### Assigned task
From the line containing "Purpleman vs John" to the line containing "Guérisons PSI - Alfred" in the entries below, reproduce every line exactly, ends included. Nothing else belongs in the copy, and no pictures.

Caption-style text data
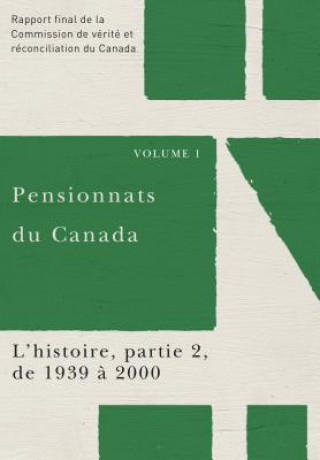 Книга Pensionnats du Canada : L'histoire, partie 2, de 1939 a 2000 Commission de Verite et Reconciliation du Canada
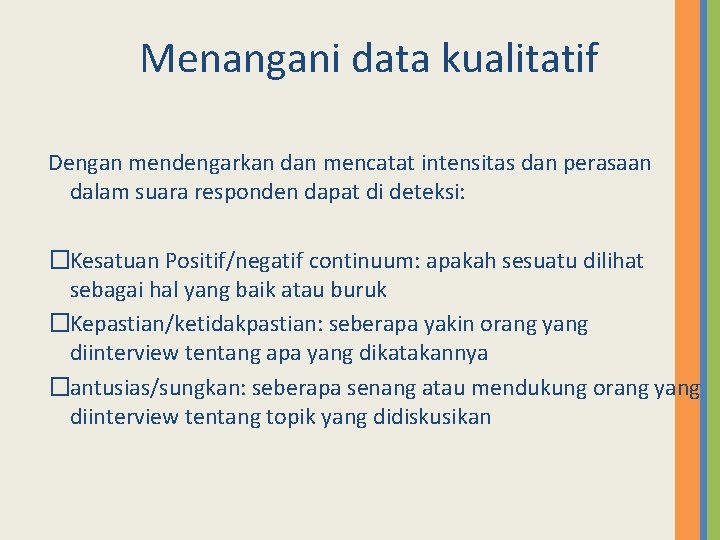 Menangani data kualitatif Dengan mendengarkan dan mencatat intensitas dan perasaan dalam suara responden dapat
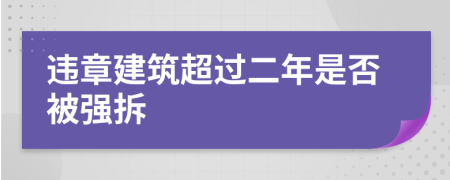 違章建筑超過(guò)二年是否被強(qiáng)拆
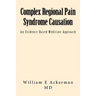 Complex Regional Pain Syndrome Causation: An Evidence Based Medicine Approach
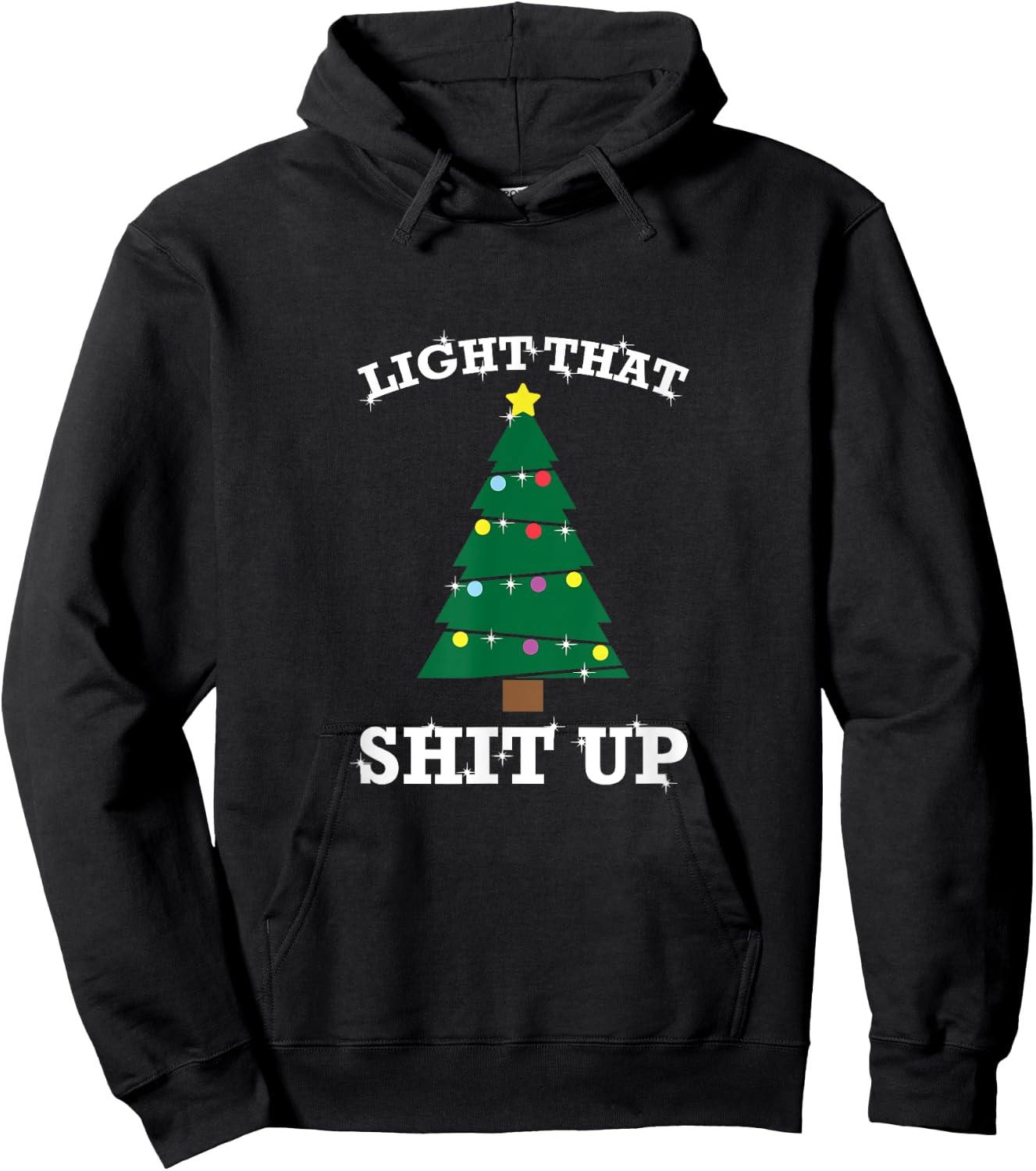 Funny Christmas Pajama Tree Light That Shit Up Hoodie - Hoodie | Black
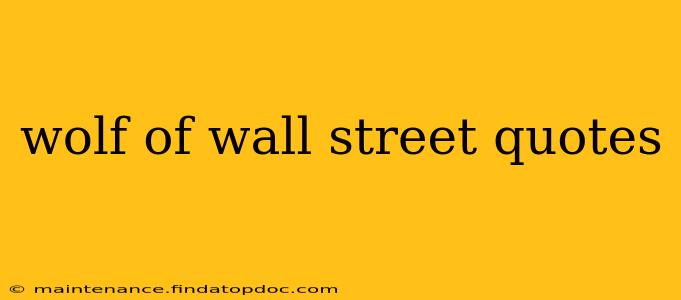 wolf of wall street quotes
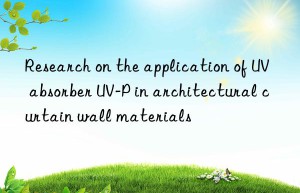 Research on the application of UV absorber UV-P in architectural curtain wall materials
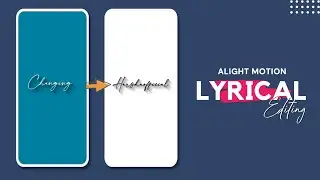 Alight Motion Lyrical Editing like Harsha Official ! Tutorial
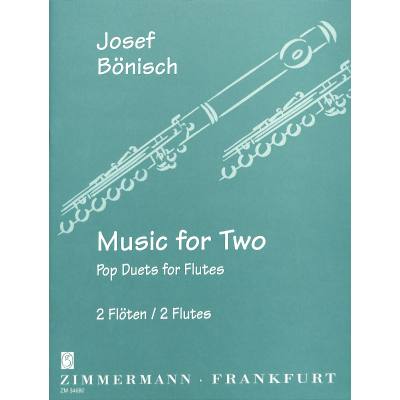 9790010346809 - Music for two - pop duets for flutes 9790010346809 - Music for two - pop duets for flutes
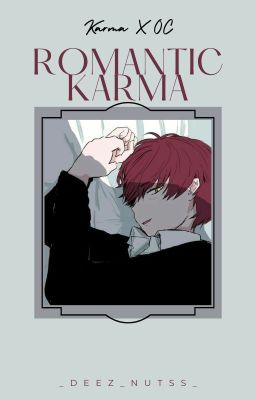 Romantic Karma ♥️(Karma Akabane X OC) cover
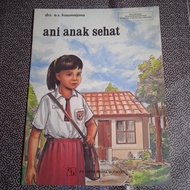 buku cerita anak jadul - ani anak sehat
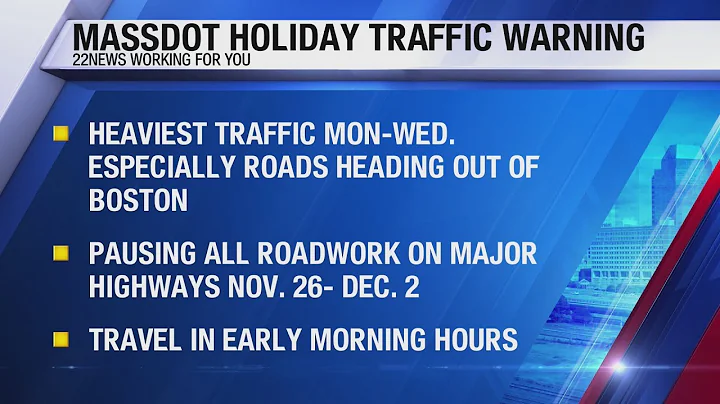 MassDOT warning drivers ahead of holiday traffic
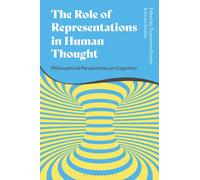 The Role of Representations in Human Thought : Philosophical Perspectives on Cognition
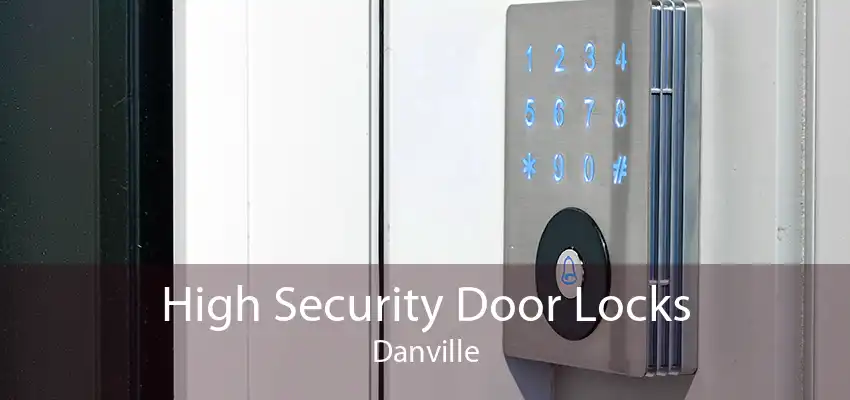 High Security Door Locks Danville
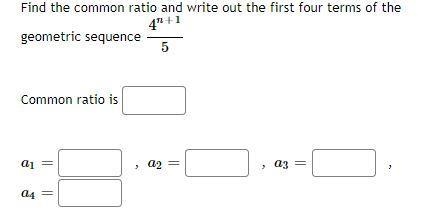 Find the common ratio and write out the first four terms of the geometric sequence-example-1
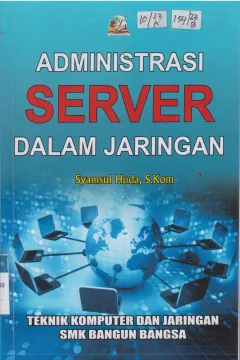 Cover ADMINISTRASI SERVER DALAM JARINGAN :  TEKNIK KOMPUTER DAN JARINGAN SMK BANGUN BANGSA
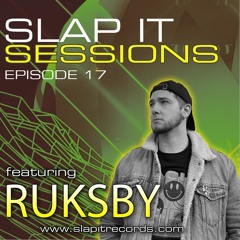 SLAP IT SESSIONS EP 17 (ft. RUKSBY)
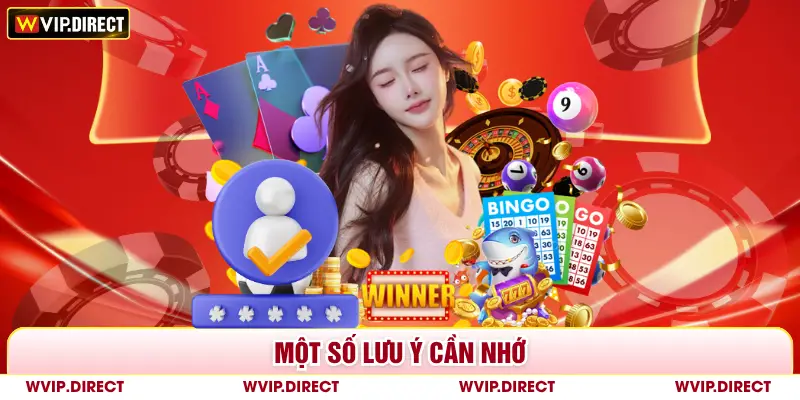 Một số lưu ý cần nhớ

* * *

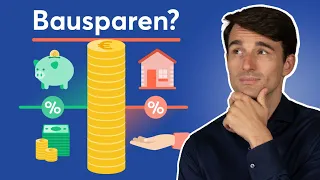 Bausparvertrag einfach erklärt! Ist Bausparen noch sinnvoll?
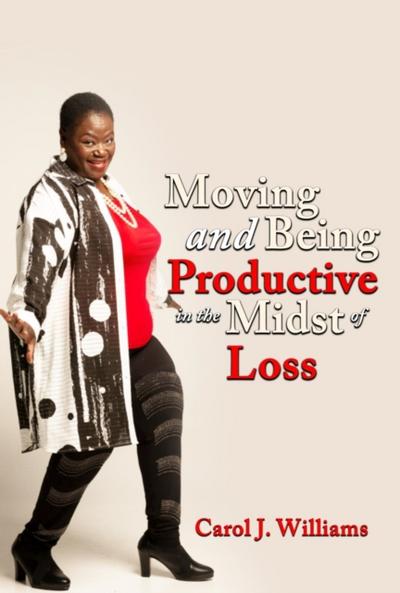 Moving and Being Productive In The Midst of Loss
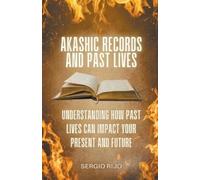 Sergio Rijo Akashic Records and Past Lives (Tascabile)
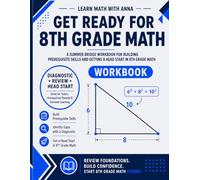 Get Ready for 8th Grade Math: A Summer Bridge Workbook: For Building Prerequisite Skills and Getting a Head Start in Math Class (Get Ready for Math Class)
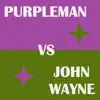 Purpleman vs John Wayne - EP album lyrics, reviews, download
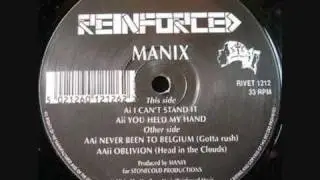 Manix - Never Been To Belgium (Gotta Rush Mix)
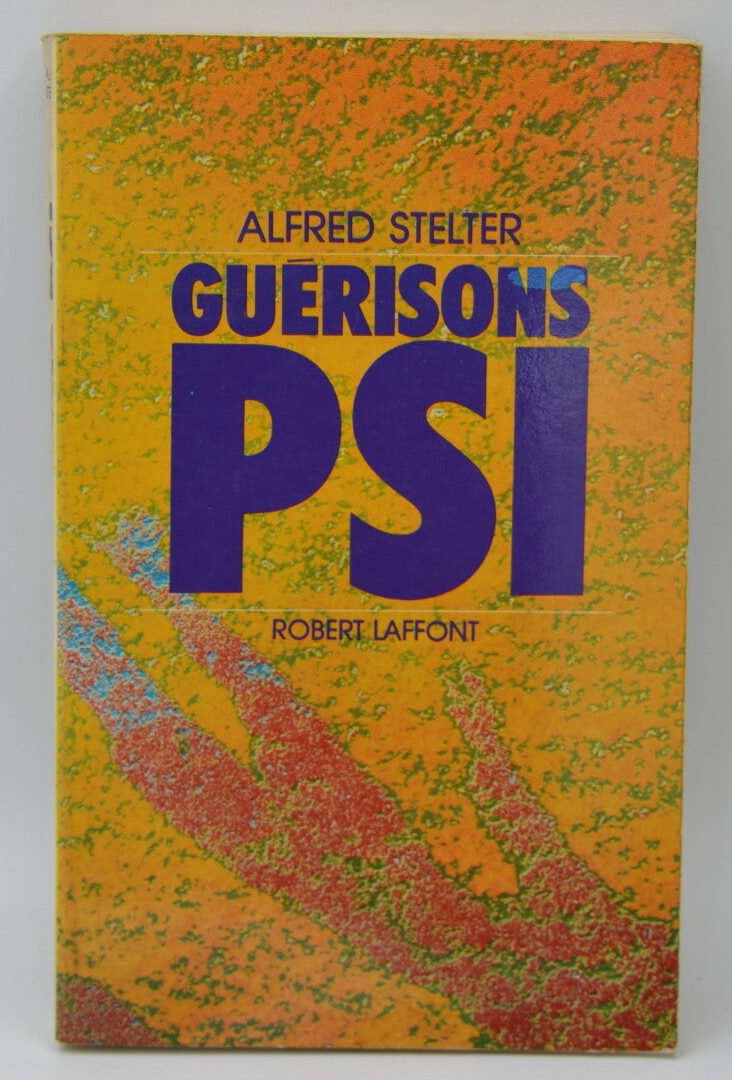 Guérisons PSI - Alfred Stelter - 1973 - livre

### Result for this task
 Purpleman vs John Wayne - EP album lyrics, reviews, download
 Manix - Never Been To Belgium (Gotta Rush Mix)
 Guérisons PSI - Alfred Stelter - 1973 - livre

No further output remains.